I will let you know how decoys work in a few weeks. I'm going to put one to the test and see if i can really get them to react to it.


----------



## Fallguy (Jan 23, 2004)

Brad. T.

Yes I am at Central. I took Field from V.A. when he retired. I understand you are a Central grad. I put two and two together when I heard you made it to the National Calling Contest. Right now I only know how to mount birds. I would like to learn fish. We had some good projects this year. A few nice pheasants, two nice mallards, and a great flying Ruddy Duck. Some of the others that aren't so good will have to serve as decoys or examples of how taxidermy is NOT to be done.

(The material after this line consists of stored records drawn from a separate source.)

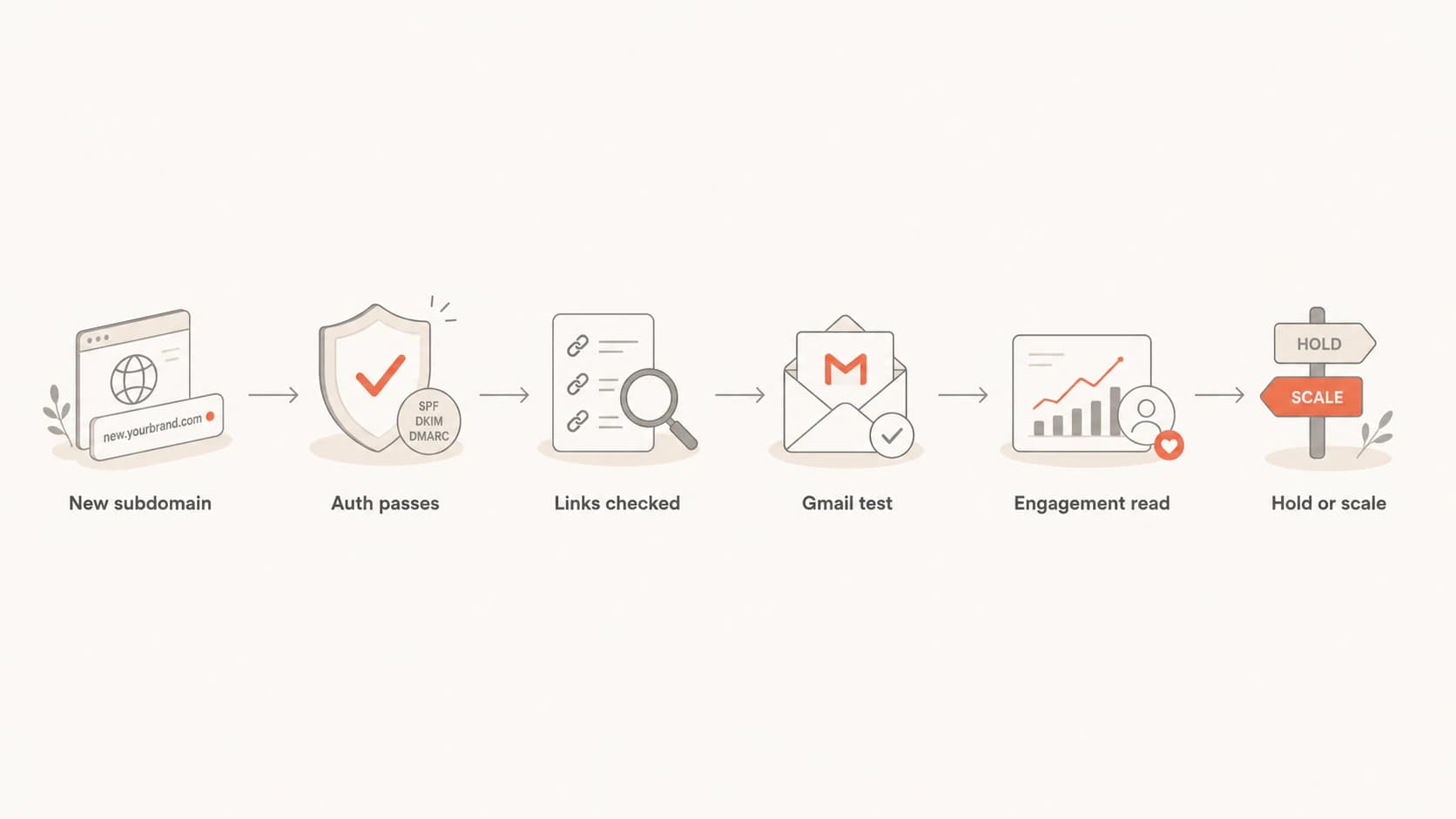 Flowchart showing the steps for diagnosing Gmail warmup after finding broken links.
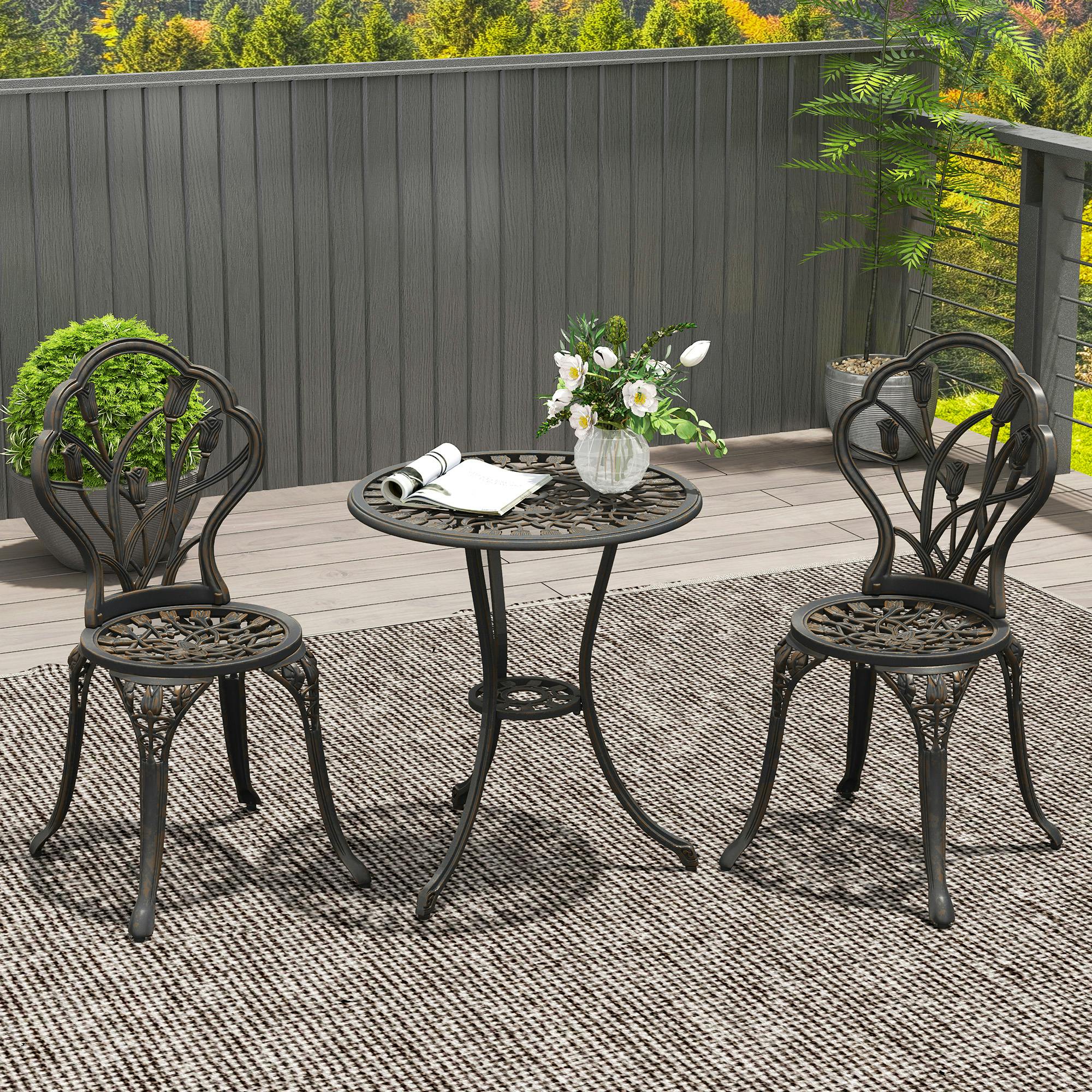 Rackhams Bronze 3 Piece Bistro Set, Aluminium Garden Furniture With Umbrella Hole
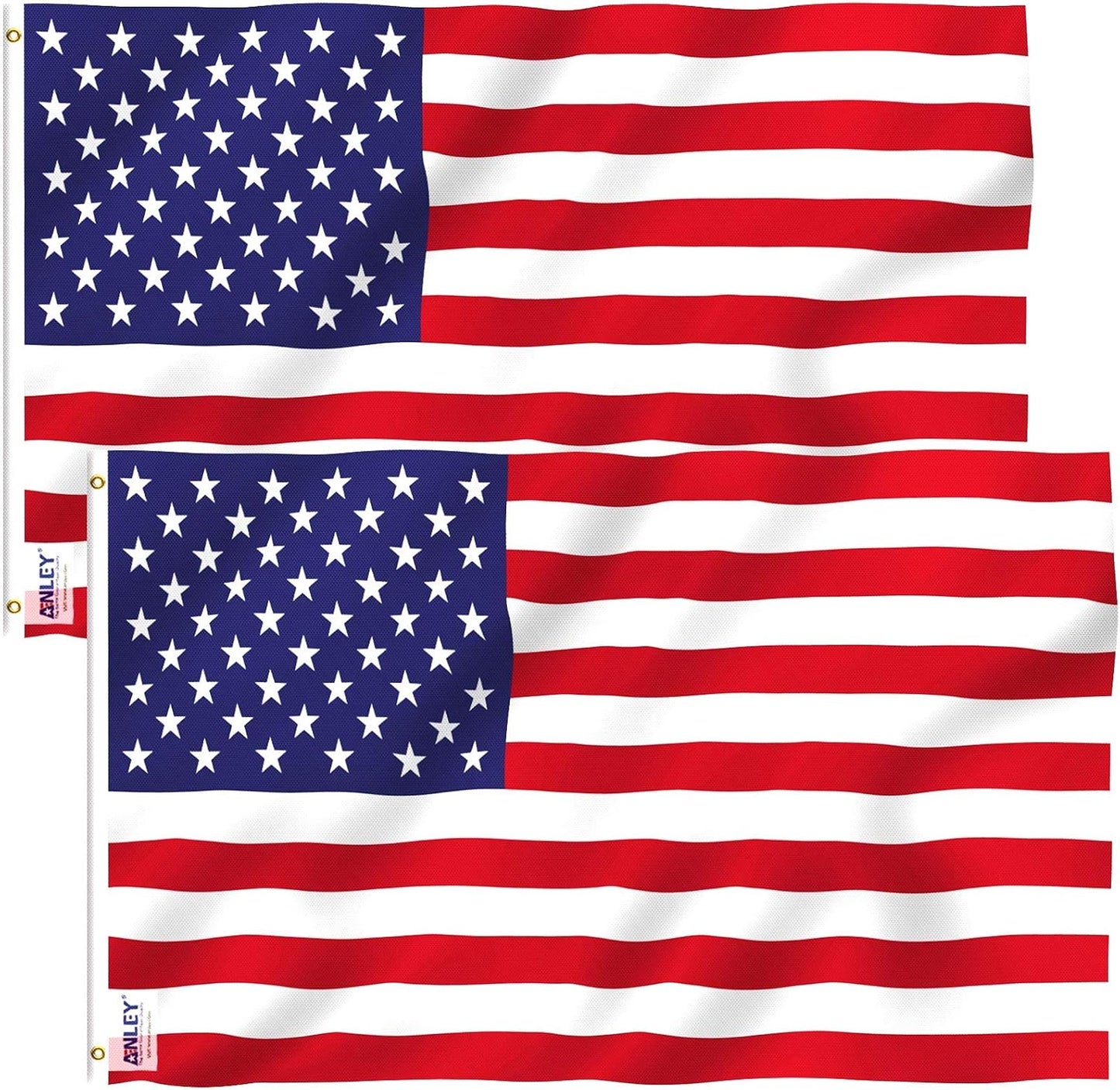 2 Banderas Poliéster 3x5ft Cabecera Lona Doble Costura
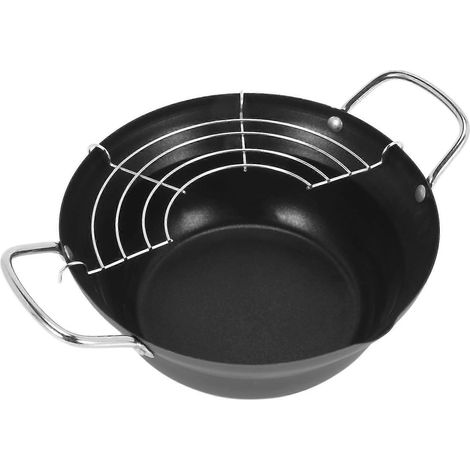 Friteuse à tempura de 20 cm avec revêtement antiadhésif et grille d'égouttage, style japonais mini. (1/5)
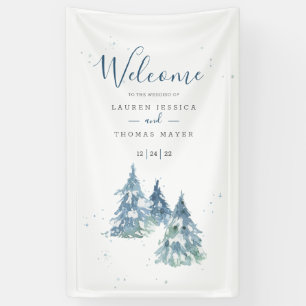 Winter Evergreen Tree Waterverf Wedding Spandoek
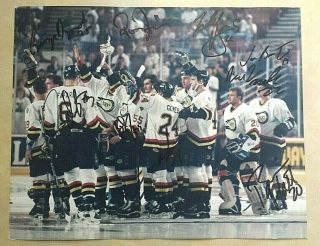 Oklahoma City Blazers Hockey Team 1996 Signed Photo Chl Champions Burton Gomes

I have another pheasant I want to try as a decoy. I may include calling into the mix, but I will have to purchase a pheasant call.


----------



## Brad.T (Mar 29, 2004)

I was in Field Two years with V.A a tech my senior year. I'm not going to school and working at Sportsmans Taxidermy in EGF. Vince used to bring the class over for a tour and too look at some of the stuff we do if you ever want to let me know or call the shop and we can discuss a time that will work out. I will have to try to get up to the school and BS a little and look at the mounts. My taxidermy project in that class as tanning my first called coyote!!!!
Say Hi to Nancy Greenwood for me!!!!!


----------



## Fallguy (Jan 23, 2004)

Brad T.

That is cool that you are working at the shop. We are done with taxidermy this year, but next year I would love to bring the kids there. It will give them an idea as to how BIG the project is that they are doing. Some of them don't realize that there is so much knowledge and time involved, and that a professional gets paid big bucks for a good mount. I would like to learn about tanning hides. I have not yet harvested a coyote, but I have called two in (my friend shot the one and the other was too far away). When I do get my first I want to tan it myself. If you could send me some info on self tanning that would be great. Could I do it in my garage at home? I will keep your employment in mind. If I ever want something done professionally I will bring it to you.


----------



## Brad.T (Mar 29, 2004)

Give me a little while to get something put together for your self tanning.


----------